Императрица вместе со всеми детьми со страшным, воплем вошла в комнату, где он лежал на своей походной кровати в своем обыкновенном мундире и в шляпе. Наконец в седьмом часу императрица Елизавета вместе с своей первой камер-фрау г-жой Геслер могла покинуть это место ужаса и отправиться в Зимний дворец. Придя в свои апартаменты, она нашла императора у себя на диване, бледного, измученного, охваченного припадком скорби.

Граф Пален, находившийся там, вместо того чтобы выйти из комнаты, как это предписывало уважение, отошел к амбразуре окна. Император сказал императрице Елизавете:

– Я не могу исполнять обязанностей, которые на меня возлагают. У меня не хватит силы царствовать с постоянным воспоминанием, что мой отец был убит. Я не могу. Я отдаю мою власть кому угодно. Пусть те, кто совершил преступление, будут ответственны за то, что может произойти.

Императрица, хотя и была тронута состоянием, в котором находился ее супруг, представила ему ужасные последствия подобного решения и смятение, которое должно произойти от этого в государстве. Она умоляла его не падать духом, посвятить себя счастью своего народа и смотреть на отправление власти, как на искупление. Она хотела бы сказать ему больше, но назойливое присутствие Палена стесняло ее откровенность.

Между тем в больших апартаментах собирались для принесения присяги, что и было совершено без присутствия императора и императрицы. Императрица-мать приехала в Зимний дворец несколько часов спустя после своих детей.

Через восемь или десять дней после смерти императора Павла было получено извещение о смерти эрц-герцогини (великой княгини Александры) во время родов. Казалось, что такие несчастья так должны были подействовать на императрицу-мать, что она забудет обо всем, кроме своей скорби. Но император Павел еще не был погребен, а она уже заботилась обо всем необходимом в подобных случаях, о чем ее сын не говорил с ней из деликатности.
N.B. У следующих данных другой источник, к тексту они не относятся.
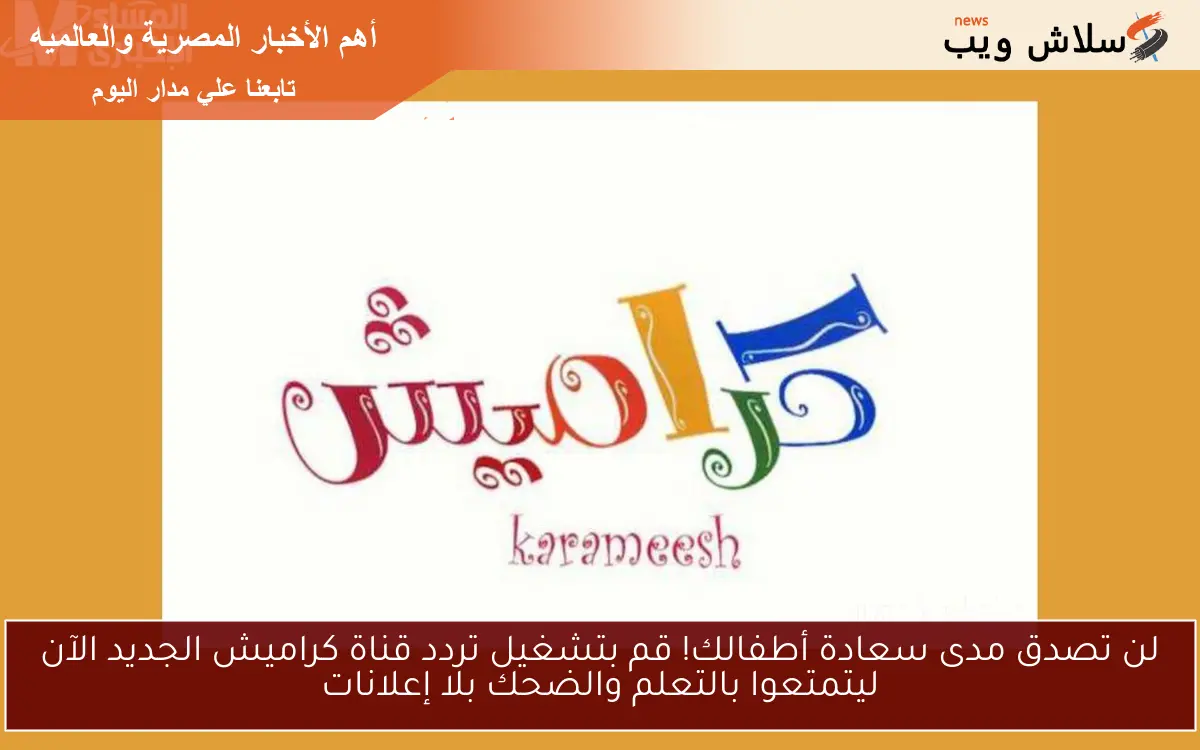 لن تصدق مدى سعادة أطفالك! قم بتشغيل تردد قناة كراميش الجديد الآن ليتمتعوا بالتعلم والضحك بلا إعلانات 2 لن تصدق مدى سعادة أطفالك! قم بتشغيل تردد قناة كراميش الجديد الآن ليتمتعوا بالتعلم والضحك بلا إعلانات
Она объявила, что не желает, чтобы для нее составляли особый двор, и Получила от императора согласие, чтобы чины его двора служили также и его матери.

Немного спустя после восшествия на престол император назначил фрейлиной княжну Варвару Волконскую, первую в его царствование. По обычаю, она получила шифр императрицы, и все фрейлины великой княгини Елизаветы тоже получили шифр императрицы Елизаветы. В тот же день императрица Мария, узнав об этом простом и обыкновенном в таких случаях назначении, потребовала от императора, чтобы впредь все фрейлины и придворные дамы носили портреты и шифр обеих императриц. Этот случай не имел примера в прошлом, но в то время императрица могла получить все от своего сына:

Едва прошли шесть недель траура, она стала появляться в публике и делала из этого большую заслугу, постоянно повторяя императору, что ей многого стоит видеть хотя бы издали лиц, про которых она знает, что они принимали участие в заговоре против ее супруга, но что она приносит это чувство в жертву своей любви к сыну.

Она заставила написать с себя портрет в глубоком трауре и раздавала копии всем.

В мае месяце она отправилась в Павловск, оставленный ей, как и Гатчина, по завещанию покойного императора. Там она вела рассеянный образ жизни, более блестящий, чем в царствование Павла I. Она делала большие приемы, устраивала прогулки верхом. Она разбивала сады, строила и вмешивалась, насколько возможно, в государственные дела.

Эти подробности необходимо привести, чтобы дать понятие о том положении, какое заняла вдовствующая императрица после смерти своего супруга. Возвратимся к телу несчастного императора.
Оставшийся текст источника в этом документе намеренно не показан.